Form W-2 reports wages and tax withholding from employment and is one of the main records used to prepare an individual return.
Form W-2 is the year-end wage statement an employer provides to report compensation and tax withholding from employment. In plain language, it is one of the main records employees use when preparing a tax return.
The W-2 matters because it connects payroll activity during the year with the annual filing process. It shows what the employee earned and how much tax was already collected through payroll. Without it, an employee can have trouble matching the annual return to the compensation and withholding already on record.

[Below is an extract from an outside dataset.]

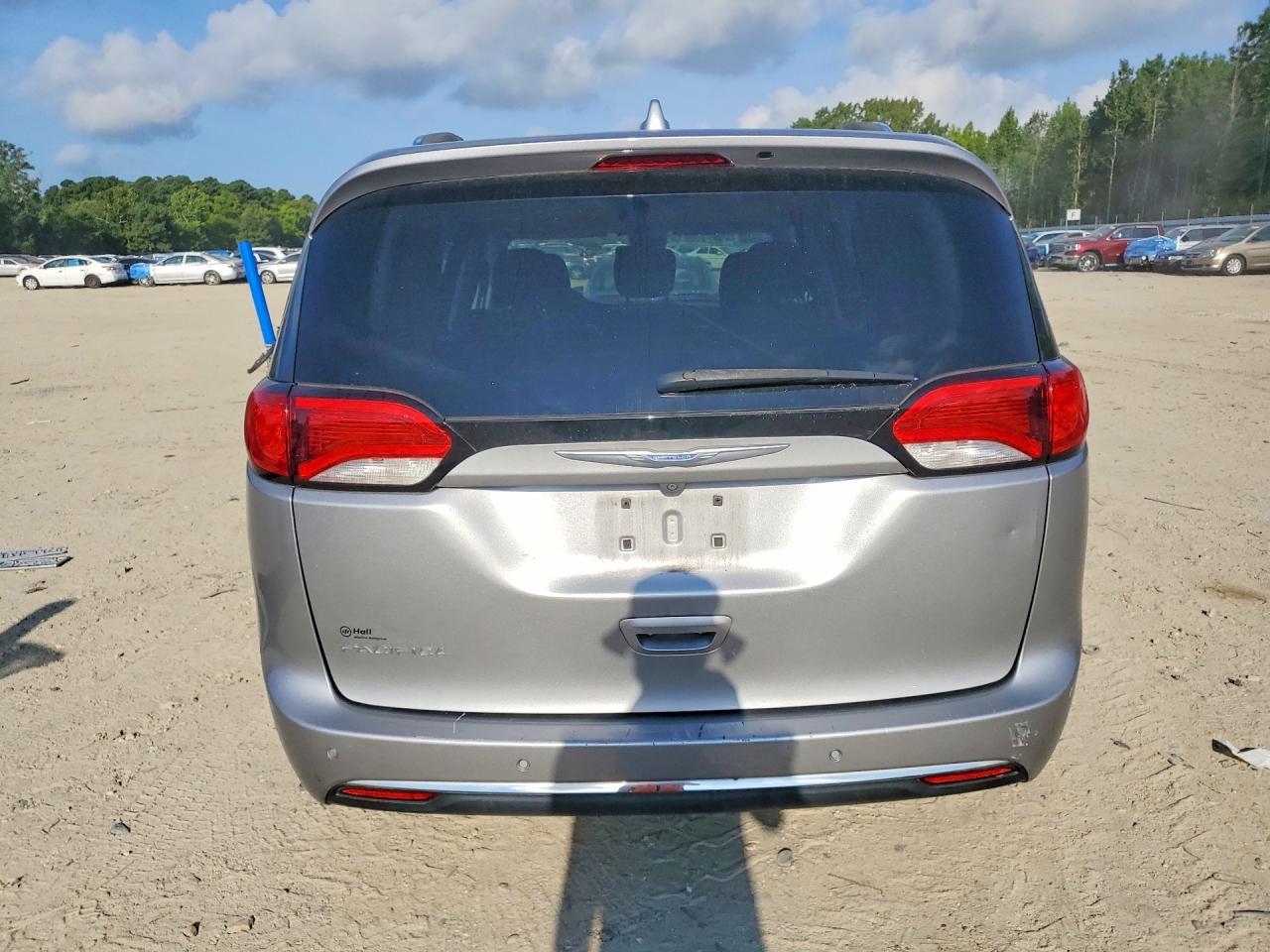 2018 Chrysler Pacifica Touring L Серебряный vin: 2C4RC1BG2JR112255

It also matters because many taxpayers first encounter important tax concepts through this form. Wage income, withholding, and return preparation often become more concrete once the taxpayer can see them on a W-2.
The W-2 appears at year end, after the employer has processed payroll throughout the year. The taxpayer uses it when preparing Form 1040 and the broader Tax Return. The withholding shown on the W-2 is also part of the comparison against the taxpayer’s final Tax Liability.
An employee works all year, has tax withheld from each paycheck, and then receives a W-2 in time for tax season. When the employee prepares the return, the wages and withholding from the W-2 feed into the return and help determine whether the taxpayer will owe more or receive a refund.
Form W-2 is not the same as Form W-4. The W-4 is generally used earlier to help set paycheck withholding. The W-2 is the year-end reporting form that shows what actually happened.
It is also not the tax return itself. It is an input document used to prepare the return.